Alvarado’s book usefully brings aesthetics and affect theory to bear upon not only what Latinidad means, but also how its possibilities can shift. In contrast to the limiting example of the Dream 9, Alvarado’s theorization suggests that if Latinidad is something we do, then it is also something we can do otherwise. To explore the liberatory possibilities of Latinidad, Alvarado discusses a range of material, including the work of Cuban performance artist Ana Mendieta, the Chicanx art collective Asco, the TV show Ugly Betty, the Chicana artist Nao Bustamante, and Latino performative testimonies within the Church of Jesus Christ of Latter-Day Saints.

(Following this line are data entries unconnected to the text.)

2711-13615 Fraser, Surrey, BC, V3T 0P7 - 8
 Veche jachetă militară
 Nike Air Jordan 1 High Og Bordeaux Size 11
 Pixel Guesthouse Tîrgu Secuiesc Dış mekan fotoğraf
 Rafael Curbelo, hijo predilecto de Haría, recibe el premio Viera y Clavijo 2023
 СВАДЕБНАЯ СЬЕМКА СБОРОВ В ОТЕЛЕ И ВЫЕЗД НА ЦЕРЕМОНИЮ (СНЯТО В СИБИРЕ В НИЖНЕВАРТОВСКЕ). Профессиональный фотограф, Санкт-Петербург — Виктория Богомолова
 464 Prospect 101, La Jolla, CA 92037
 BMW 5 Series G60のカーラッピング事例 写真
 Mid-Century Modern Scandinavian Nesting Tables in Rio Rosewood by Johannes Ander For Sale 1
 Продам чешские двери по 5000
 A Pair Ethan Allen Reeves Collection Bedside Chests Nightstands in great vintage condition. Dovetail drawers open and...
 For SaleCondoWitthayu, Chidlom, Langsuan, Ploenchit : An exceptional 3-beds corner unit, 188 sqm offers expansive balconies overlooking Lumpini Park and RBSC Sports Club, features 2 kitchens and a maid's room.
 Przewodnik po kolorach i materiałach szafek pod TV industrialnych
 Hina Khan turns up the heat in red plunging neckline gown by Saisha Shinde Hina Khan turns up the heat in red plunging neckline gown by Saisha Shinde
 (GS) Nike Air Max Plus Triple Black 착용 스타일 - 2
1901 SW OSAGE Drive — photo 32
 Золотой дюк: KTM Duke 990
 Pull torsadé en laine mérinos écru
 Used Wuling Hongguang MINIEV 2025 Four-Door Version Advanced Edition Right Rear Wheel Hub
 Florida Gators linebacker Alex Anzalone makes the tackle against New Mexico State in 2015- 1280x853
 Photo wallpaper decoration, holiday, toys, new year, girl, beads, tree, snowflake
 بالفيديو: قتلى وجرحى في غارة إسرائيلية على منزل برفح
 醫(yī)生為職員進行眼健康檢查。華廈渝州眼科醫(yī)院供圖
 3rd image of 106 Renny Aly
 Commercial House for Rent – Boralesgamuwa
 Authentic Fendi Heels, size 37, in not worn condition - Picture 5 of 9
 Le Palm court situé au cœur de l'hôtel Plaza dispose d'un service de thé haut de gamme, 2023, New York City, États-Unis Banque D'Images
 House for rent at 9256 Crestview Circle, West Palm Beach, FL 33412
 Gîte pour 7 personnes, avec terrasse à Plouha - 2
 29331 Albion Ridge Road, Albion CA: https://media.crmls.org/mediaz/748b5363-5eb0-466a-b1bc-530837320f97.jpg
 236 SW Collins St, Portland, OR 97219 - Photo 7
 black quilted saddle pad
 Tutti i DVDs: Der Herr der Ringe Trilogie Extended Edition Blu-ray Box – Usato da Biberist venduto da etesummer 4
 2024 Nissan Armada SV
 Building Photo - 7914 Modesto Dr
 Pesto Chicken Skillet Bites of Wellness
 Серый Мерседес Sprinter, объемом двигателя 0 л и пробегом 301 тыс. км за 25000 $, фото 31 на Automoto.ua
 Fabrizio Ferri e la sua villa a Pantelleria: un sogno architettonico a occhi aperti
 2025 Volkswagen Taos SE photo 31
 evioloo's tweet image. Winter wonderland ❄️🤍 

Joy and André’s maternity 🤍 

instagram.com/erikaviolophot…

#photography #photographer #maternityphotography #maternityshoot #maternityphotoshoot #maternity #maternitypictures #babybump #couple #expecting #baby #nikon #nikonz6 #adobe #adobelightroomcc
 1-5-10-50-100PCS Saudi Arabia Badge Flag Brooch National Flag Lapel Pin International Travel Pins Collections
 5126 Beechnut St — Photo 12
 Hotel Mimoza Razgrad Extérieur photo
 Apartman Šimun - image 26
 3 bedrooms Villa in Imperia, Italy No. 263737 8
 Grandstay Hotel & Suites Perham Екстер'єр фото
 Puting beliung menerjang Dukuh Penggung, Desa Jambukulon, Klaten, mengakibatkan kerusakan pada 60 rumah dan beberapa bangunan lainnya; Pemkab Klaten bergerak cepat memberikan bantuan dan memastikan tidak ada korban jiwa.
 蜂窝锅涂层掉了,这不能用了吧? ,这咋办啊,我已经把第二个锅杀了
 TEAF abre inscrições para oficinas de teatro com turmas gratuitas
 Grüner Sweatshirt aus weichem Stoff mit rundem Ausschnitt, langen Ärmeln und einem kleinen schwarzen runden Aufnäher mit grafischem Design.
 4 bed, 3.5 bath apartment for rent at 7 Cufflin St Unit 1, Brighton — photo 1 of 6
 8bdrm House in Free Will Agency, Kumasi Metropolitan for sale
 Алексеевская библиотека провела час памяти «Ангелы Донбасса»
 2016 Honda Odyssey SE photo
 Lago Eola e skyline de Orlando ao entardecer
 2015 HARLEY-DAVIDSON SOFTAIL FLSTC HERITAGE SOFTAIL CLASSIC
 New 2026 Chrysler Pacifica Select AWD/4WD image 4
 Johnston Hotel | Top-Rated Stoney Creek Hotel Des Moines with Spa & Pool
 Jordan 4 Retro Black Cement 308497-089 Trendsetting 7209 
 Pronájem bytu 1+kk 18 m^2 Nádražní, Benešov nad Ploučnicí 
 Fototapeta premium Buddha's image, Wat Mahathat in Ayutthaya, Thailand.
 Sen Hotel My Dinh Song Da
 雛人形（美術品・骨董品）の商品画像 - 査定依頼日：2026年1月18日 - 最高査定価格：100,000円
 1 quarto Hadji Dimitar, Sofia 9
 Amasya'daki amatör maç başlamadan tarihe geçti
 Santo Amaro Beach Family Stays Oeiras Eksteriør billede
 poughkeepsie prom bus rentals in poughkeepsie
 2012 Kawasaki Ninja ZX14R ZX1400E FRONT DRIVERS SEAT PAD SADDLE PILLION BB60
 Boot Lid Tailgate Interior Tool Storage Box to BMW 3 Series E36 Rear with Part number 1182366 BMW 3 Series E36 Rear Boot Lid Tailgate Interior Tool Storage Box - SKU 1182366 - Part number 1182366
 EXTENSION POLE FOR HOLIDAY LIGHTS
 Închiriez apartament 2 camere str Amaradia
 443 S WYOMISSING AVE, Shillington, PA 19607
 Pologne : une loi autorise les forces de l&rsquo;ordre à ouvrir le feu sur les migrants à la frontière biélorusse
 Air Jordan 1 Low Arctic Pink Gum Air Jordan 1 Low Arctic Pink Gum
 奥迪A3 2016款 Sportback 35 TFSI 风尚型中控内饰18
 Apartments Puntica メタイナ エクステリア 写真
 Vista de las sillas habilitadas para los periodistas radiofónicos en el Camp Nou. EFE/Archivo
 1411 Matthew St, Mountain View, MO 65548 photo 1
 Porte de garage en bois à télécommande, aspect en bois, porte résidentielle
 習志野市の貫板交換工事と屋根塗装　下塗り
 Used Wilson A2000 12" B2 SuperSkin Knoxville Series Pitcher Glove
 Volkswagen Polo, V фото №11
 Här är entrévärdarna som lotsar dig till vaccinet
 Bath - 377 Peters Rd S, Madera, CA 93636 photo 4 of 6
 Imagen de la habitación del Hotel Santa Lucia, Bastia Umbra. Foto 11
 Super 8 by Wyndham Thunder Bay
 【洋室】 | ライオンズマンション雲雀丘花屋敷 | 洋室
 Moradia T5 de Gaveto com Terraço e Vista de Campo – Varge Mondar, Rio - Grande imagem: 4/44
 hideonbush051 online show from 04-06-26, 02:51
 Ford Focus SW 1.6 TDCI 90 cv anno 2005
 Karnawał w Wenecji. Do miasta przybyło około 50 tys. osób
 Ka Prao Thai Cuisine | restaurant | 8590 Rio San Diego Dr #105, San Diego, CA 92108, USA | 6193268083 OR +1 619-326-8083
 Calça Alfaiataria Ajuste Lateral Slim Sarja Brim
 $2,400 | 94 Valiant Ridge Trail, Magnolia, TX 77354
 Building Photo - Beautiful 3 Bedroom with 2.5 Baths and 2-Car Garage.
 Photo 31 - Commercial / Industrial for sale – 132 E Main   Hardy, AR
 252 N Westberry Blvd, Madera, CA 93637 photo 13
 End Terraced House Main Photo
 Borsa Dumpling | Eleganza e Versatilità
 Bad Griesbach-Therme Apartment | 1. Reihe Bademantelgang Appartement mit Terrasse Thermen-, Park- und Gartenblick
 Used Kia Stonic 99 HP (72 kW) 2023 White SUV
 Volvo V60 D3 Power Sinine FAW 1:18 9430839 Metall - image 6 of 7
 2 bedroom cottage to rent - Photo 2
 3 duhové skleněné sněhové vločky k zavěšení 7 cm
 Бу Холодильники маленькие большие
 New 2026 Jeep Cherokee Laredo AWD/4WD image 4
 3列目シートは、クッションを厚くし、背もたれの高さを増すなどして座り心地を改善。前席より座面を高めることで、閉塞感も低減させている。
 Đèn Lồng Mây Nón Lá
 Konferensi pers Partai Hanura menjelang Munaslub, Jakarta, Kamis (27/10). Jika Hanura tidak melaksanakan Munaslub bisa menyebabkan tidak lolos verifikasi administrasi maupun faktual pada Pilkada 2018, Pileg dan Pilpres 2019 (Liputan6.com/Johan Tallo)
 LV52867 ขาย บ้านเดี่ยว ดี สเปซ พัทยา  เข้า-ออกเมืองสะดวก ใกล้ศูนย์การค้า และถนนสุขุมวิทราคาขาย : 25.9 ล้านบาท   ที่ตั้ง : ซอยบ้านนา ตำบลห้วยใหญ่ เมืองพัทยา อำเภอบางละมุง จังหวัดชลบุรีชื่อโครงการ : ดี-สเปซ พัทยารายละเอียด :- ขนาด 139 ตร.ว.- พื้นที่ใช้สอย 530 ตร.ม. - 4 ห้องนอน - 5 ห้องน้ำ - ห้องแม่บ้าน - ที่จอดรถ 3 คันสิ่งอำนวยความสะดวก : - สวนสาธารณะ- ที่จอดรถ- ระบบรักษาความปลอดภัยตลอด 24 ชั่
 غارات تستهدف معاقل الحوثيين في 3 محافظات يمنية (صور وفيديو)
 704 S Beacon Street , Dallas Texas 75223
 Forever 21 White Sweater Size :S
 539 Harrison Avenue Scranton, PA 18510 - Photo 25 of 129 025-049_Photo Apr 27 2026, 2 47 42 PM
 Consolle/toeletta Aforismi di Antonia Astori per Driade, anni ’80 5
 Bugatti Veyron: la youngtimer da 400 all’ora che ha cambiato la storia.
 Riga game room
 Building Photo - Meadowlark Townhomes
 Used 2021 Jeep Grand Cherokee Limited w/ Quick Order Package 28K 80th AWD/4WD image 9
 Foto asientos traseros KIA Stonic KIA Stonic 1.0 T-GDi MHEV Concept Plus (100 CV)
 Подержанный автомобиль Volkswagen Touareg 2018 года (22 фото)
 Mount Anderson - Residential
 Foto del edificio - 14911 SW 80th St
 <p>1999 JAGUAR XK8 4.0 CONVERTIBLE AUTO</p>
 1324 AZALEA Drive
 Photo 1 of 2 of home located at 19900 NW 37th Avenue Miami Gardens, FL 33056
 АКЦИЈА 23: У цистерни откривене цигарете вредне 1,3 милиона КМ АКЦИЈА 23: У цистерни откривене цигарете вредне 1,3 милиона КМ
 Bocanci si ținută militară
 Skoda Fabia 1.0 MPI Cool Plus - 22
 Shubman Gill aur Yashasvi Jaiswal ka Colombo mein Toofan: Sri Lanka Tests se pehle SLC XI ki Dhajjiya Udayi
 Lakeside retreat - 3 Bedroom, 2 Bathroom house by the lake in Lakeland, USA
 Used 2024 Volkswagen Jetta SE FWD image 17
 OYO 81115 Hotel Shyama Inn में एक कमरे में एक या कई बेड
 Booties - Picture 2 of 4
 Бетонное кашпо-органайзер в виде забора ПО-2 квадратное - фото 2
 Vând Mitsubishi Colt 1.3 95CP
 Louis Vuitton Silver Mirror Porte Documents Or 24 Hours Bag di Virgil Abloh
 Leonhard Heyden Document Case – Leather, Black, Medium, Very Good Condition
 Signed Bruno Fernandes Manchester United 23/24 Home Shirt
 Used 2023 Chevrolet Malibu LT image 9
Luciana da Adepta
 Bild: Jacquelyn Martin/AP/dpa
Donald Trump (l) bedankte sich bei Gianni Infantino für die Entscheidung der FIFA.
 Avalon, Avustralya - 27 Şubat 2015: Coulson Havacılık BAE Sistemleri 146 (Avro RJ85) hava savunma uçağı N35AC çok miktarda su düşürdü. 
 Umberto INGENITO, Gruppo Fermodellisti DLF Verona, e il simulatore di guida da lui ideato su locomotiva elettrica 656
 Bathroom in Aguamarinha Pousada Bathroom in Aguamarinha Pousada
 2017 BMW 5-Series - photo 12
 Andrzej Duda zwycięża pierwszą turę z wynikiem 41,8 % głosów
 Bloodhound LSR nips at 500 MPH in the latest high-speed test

The book’s chapter titles—“Other Desires,” “Phantom Assholes,” “Of Betties Decorous and Abject,” and “Arriving at Apostasy” —highlight Alvarado’s playfulness as well as the theoretical range of her work. The first chapter considers how Ana Mendieta uses abjection to interrogate how “intersectionality is less a metaphor and more a sign of the failure of language to approximate shifting and ambivalent dynamics” (27). In Untitled (Glass on Body imprints) (1972), Alvarado parses out how Mendieta “negotiates her Latinidad in relationship not to Chicanidad but to blackness, and insists that Latinidad consider not just its indigenous past but also its relationship to black bodies as well as the push and pull of the border” (40). In her analysis of the Silueta series—begun in 1973 and featuring outlines cut into the earth, wooden effigies, and Mendieta’s own obscured body—Alvarado theorizes how the artist’s work “can be read as a utopian methodology for Latino Studies” (47). To make this point, Alvarado considers how the Siluetas, the first of which was staged in Mexico, are typically read as part of Mendieta’s reconciliation with Cuba (48) and are largely viewed as essentialist as they too easily align the brown female body with a presumed homeland as they depict the artist obscured in various natural landscapes. Alvarado reads against these arguments, suggesting that in these pieces Mendieta works through her privilege. Combined with her exploration of processes of racialization in Untitled (Glass on Body imprints), Alvarado ultimately suggests that Mendieta’s messy engagement with Mexico, the U.S., and Cuba provides a model for thinking through “coalitional possibilities beyond national borders” (49).

In her second chapter, Alvarado writes on Asco—which translates as disgust, revulsion, or nausea—the Chicano art collective which consisted of Harry Gamboa, Jr., Patssi Valdez, Willie Herrón, and Gronk, as well as a shifting cast of other artists. Alvarado reads the collective as “an abject structure of feeling” (87) and a means of exploring “abjection’s political dynamics” (59). Alvarado reevaluates the collectivity of Asco, revealing, for example, Willie Herrón’s controlling behavior towards his girlfriend, Patssi, as well as the visual alignment between Patssi and Gronk in Spray Paint LACMA (1972) and Asshole Mural (1974). Alvarado also explores Asco’s rejection of respectability, as demonstrated by the contrast between its avant-garde approach and the romanticized indigeneity of the Chicano Movement. In her analysis of Ca-Ca Roaches Have No Friends (1969), Alvarado illuminates the queer aesthetics that centrally inform Asco’s work and suggests that these aesthetics created yet another tension between Asco and the Chicano community. Rather than deifying the group, Alvarado considers how dissent and exclusion inform Asco’s abject artistic practices.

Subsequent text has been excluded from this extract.